In this post, you will discover the challenge of model selection for machine learning.

After reading this post, you will know:

- Model selection is the process of choosing one among many candidate models for a predictive modeling problem.
- There may be many competing concerns when performing model selection beyond model performance, such as complexity, maintainability, and available resources.
- The two main classes of model selection techniques are probabilistic measures and resampling methods.

Let’s get started.

## Overview

This tutorial is divided into three parts; they are:

- What Is Model Selection
- Considerations for Model Selection
- Model Selection Techniques

## What Is Model Selection

Model selection is the process of selecting one final machine learning model from among a collection of candidate machine learning models for a training dataset.

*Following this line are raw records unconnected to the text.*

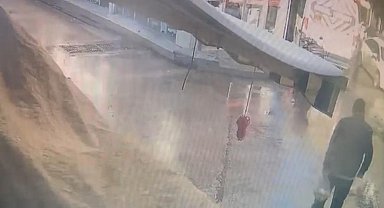 Alışveriş yaptıktan sonra otomobilin altında kaldı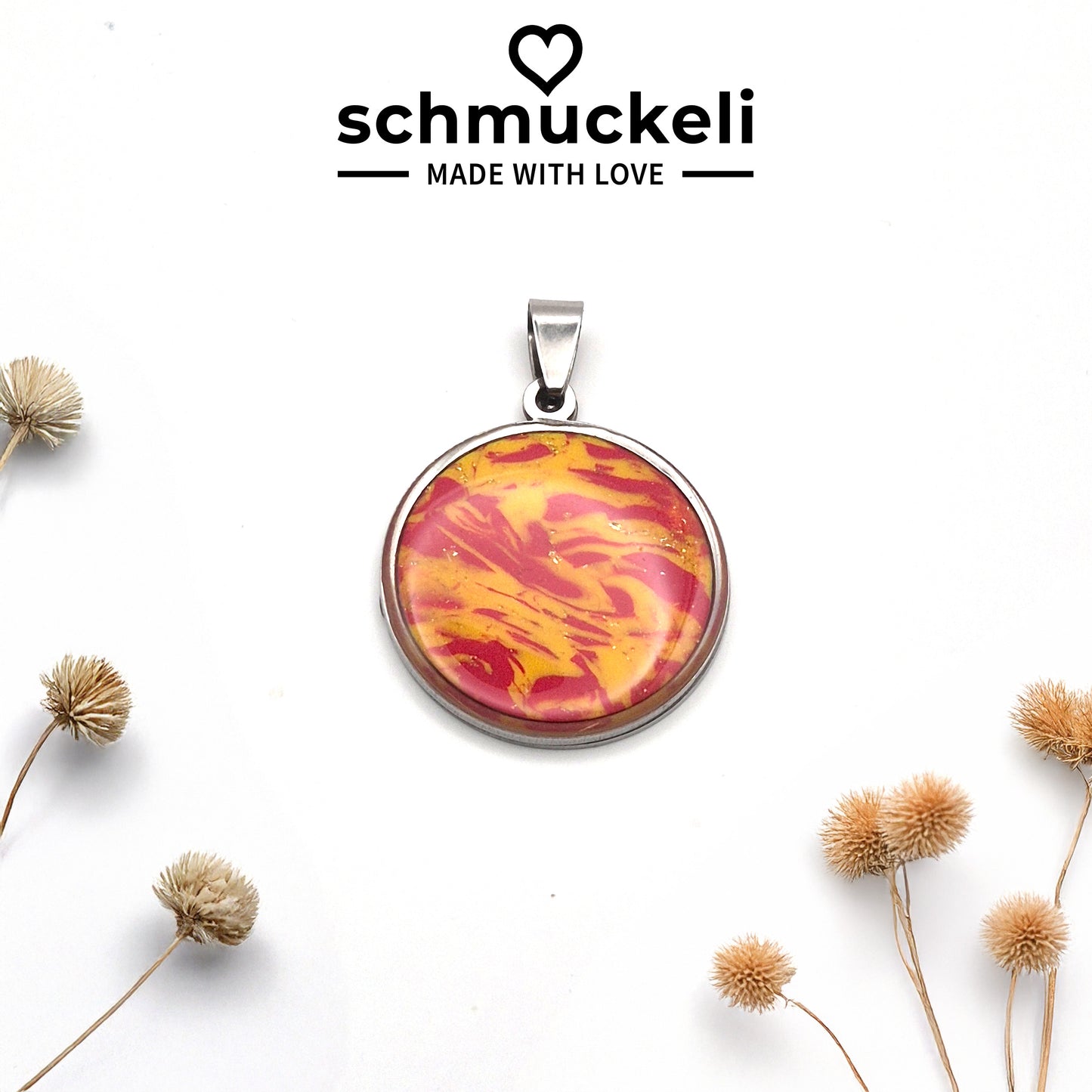 Runder Anhänger Feuerglanz – Handgemachter Unikat-Schmuck aus Edelstahl mit leuchtendem Polymer Clay Inlay, versiegelt mit glänzendem Harz - mit 45 cm langer Edelstahlkette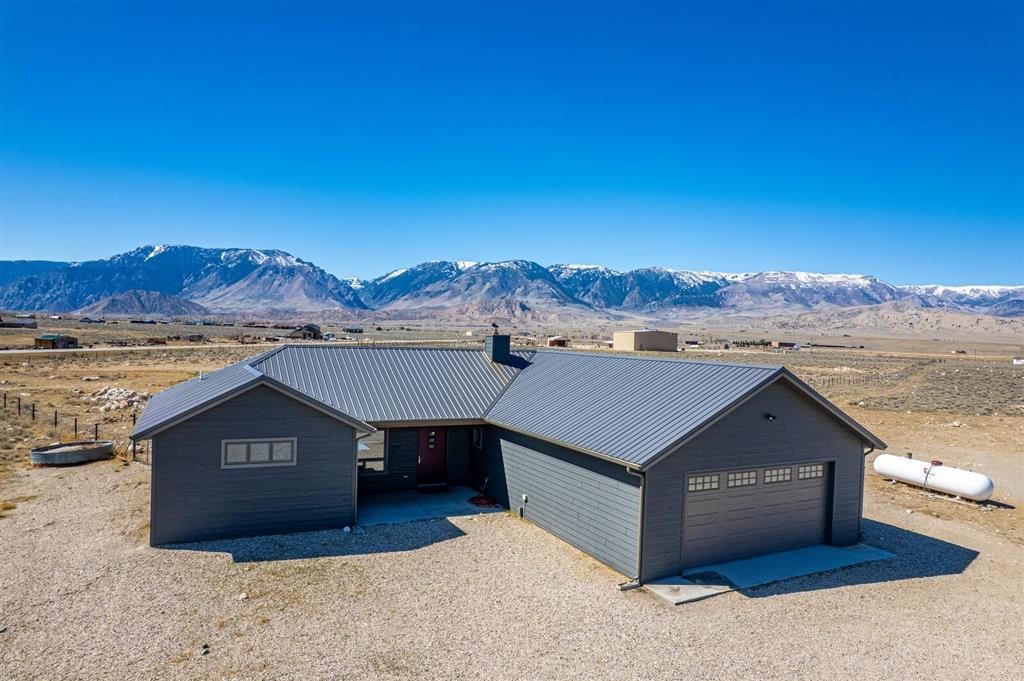Photo of 5 Cowboy Dr, Clark, WY 82435 (MLS # 10032191)
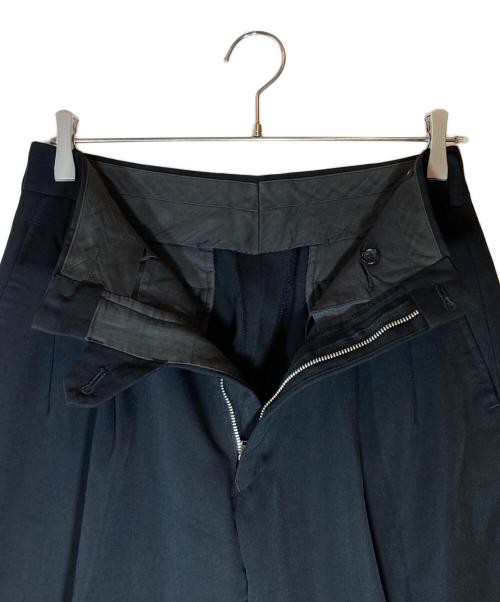 COMME des GARCONS HOMME PLUS（コムデギャルソンオムプリュス）COMME des GARCONS HOMME PLUS (コムデギャルソンオムプリュス) タックスラックスパンツ ブラック サイズ:Sの古着・服飾アイテム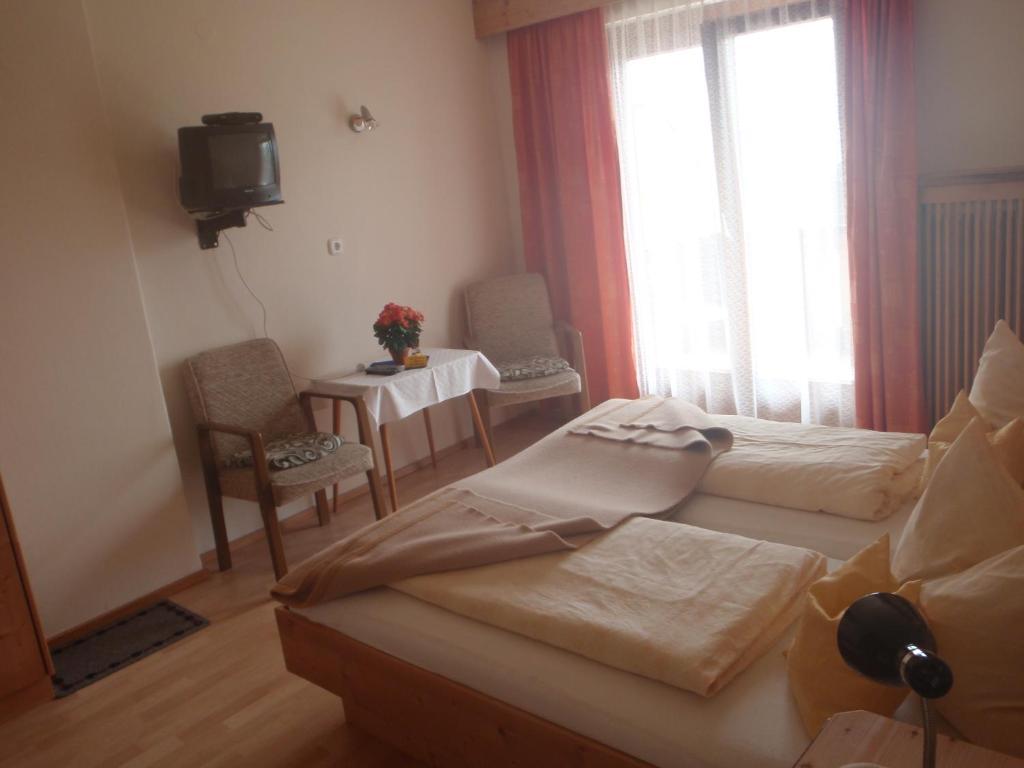 Muellnerhaus Apartment Милщат Стая снимка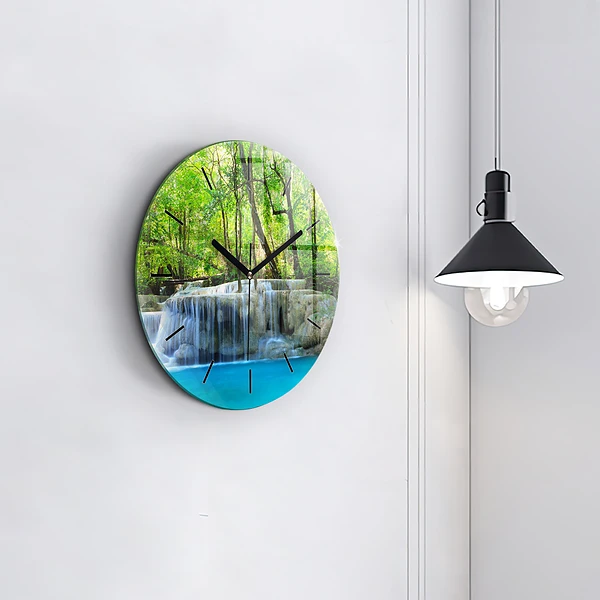 Wanduhr rund mit motiv Wasserfall im Wald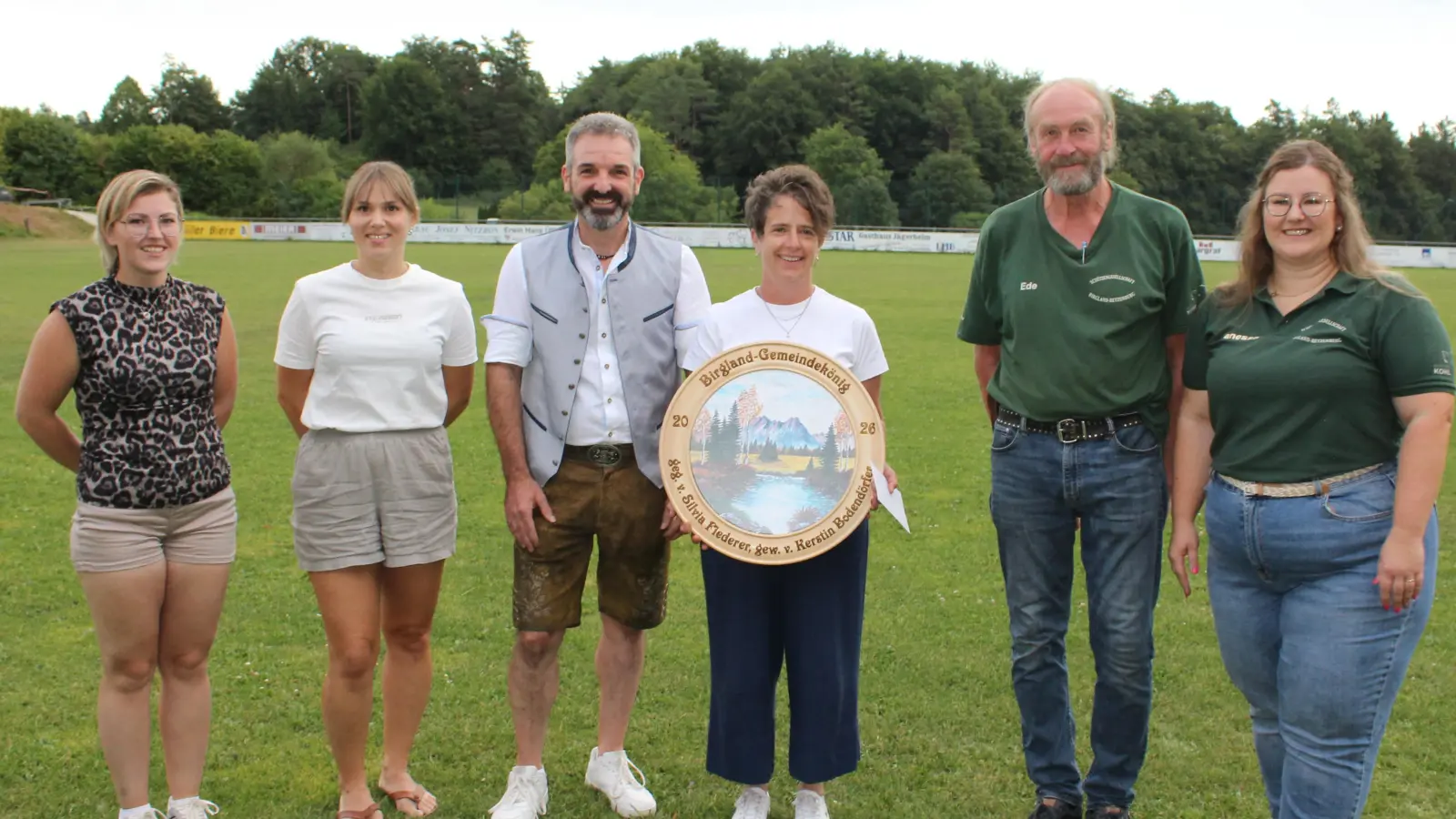 von links: Sabrina Kessler (2.Ritter) Tanja Pilhofer (1.Ritter), 1.Bgm.: Elmar Halk, Königin Kerstin Bodendörfer. 1.Schützenmeister: Ernst Kölbel, 1. Sportleiterin: Vanessa Breit. (Bild: Hans Siess)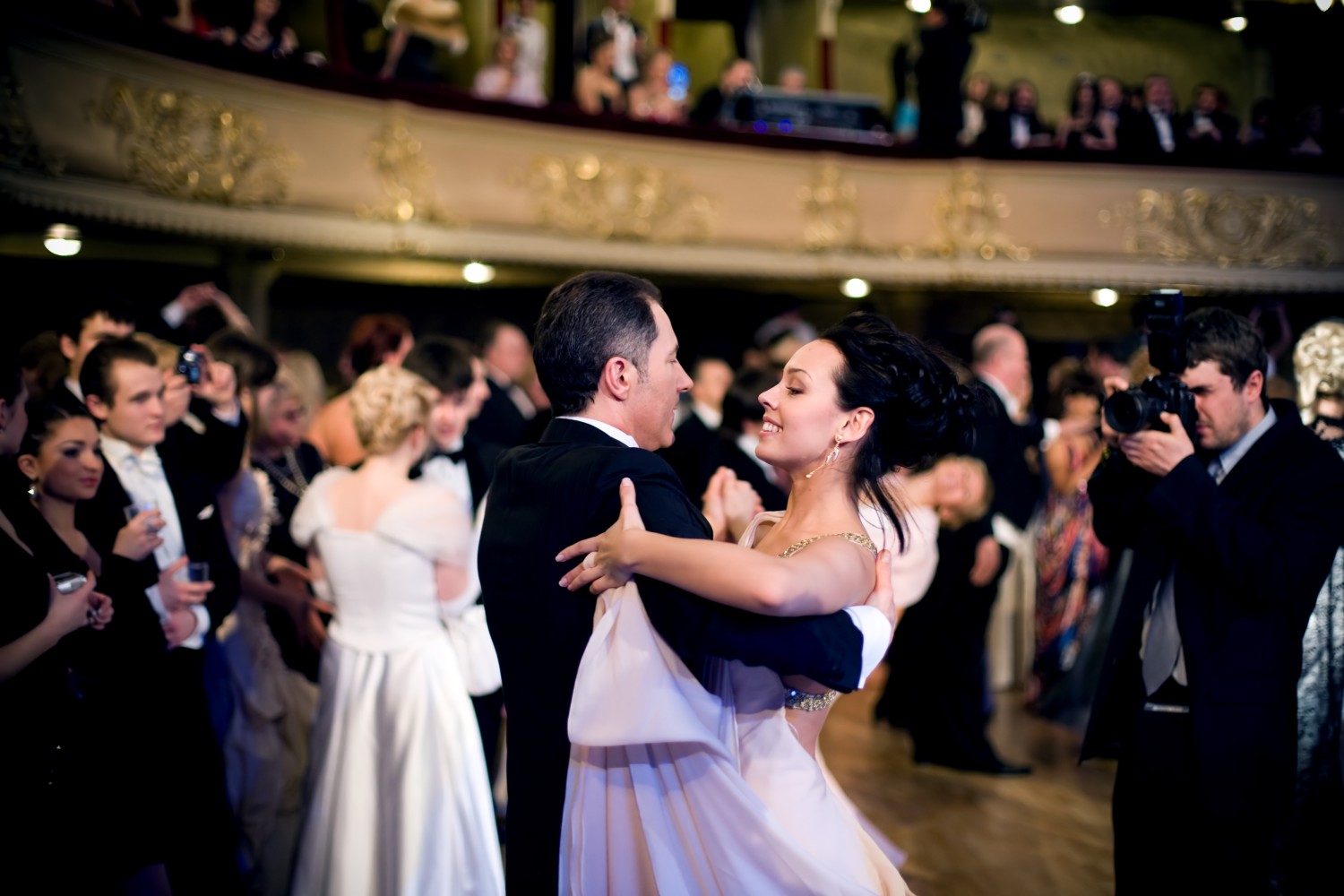 Erleben Sie die Eleganz und Tradition der Wiener Ballsaison: Ein Besuch, den Sie nie vergessen werden!
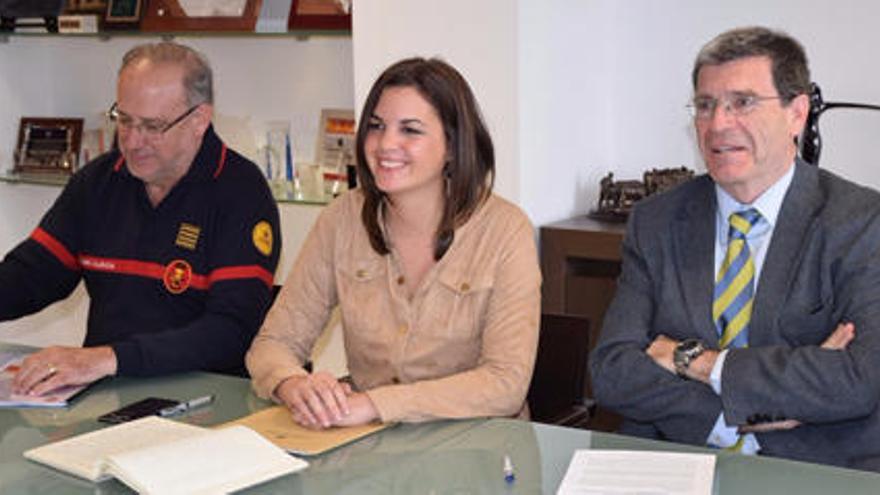 Sandra Gómez y Aurelio Martínez firman el nuevo convenio para el servicio de bomberos.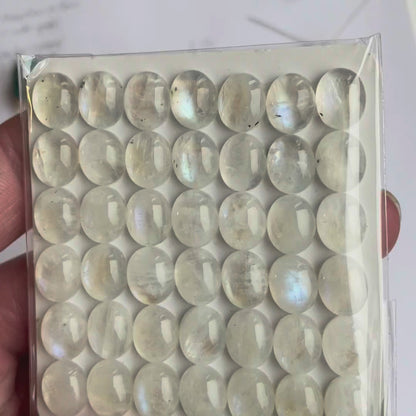 Video: Regenbogen-Mondstein Cabochons oval 8 x 10 mm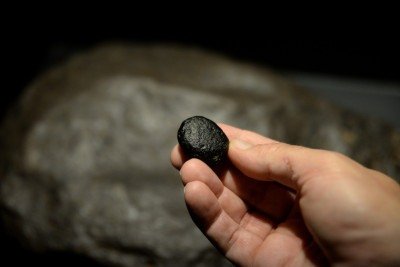 Com vários formatos, o maior dos fragmentos tem 85 gramas. Se colocado contra uma luz forte, o Geraisito brilha como um vidro opaco esverdeado -  (crédito: Tulio Santos/EM/D.A. Press)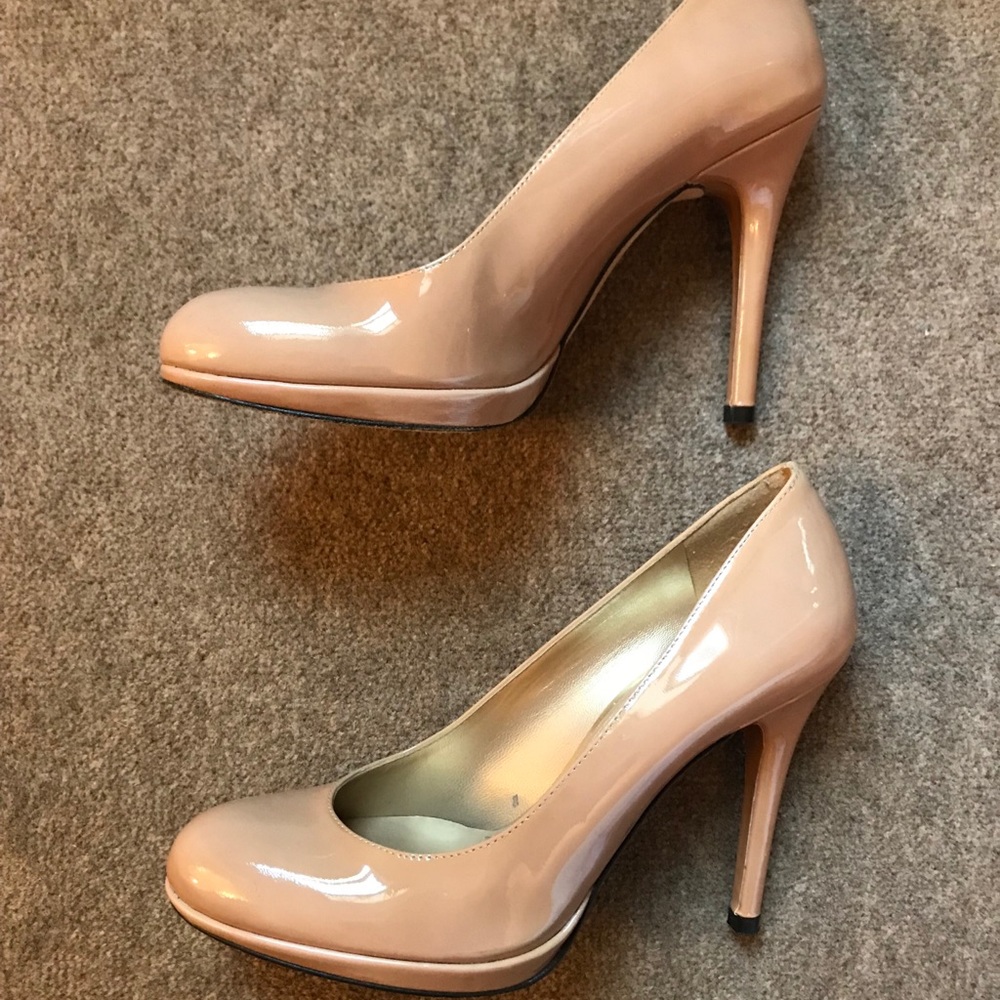 Stuart weitzman nude heel with platform size 7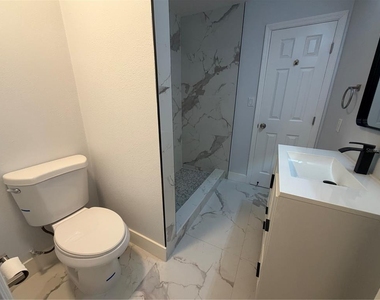 131 W Atwater Avenue - Photo Thumbnail 17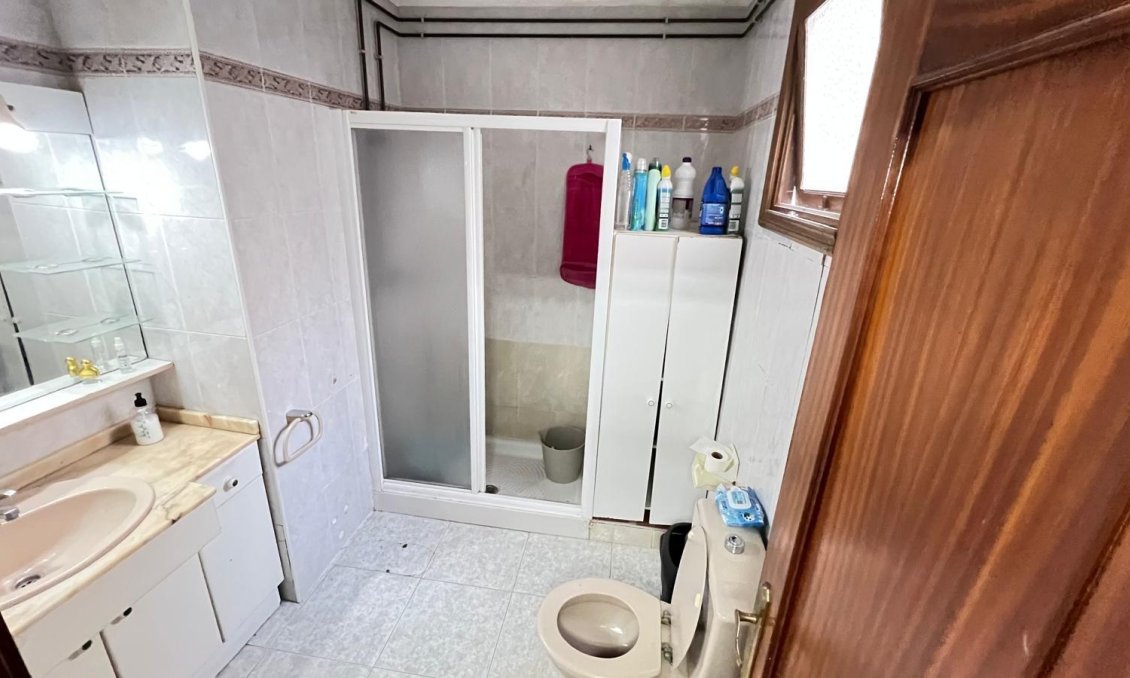 Resale - Apartment -
Torrevieja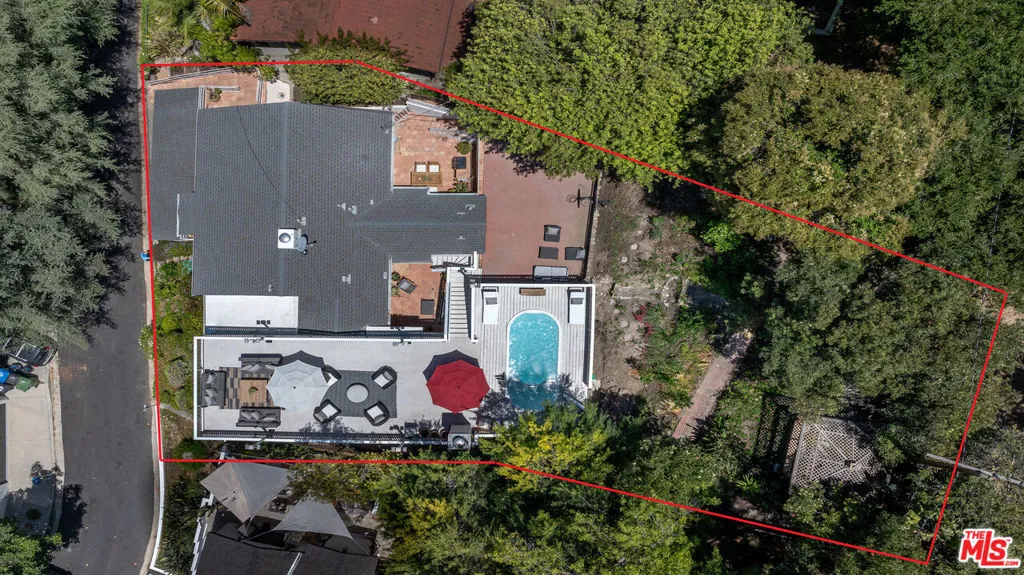 Sherman Oaks, California 91403, United States, 3 Bedrooms Bedrooms, ,2 BathroomsBathrooms,Residential,Active,170518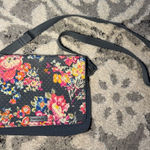 Vera Bradley  Pretty Posies Turnabout Flap Crossbody Messenger Bag Adjustable ⭐️ Photo 0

Model selection is a process that can be applied both across different types of models (e.g. logistic regression, SVM, KNN, etc.) and across models of the same type configured with different model hyperparameters (e.g. different kernels in an SVM).

When we have a variety of models of different complexity (e.g., linear or logistic regression models with different degree polynomials, or KNN classifiers with different values of K), how should we pick the right one?

— Page 22, Machine Learning: A Probabilistic Perspective, 2012.

For example, we may have a dataset for which we are interested in developing a classification or regression predictive model. We do not know beforehand as to which model will perform best on this problem, as it is unknowable. Therefore, we fit and evaluate a suite of different models on the problem.

**Model selection** is the process of choosing one of the models as the final model that addresses the problem.

Model selection is different from **model assessment**.

For example, we evaluate or assess candidate models in order to choose the best one, and this is model selection. Whereas once a model is chosen, it can be evaluated in order to communicate how well it is expected to perform in general; this is model assessment.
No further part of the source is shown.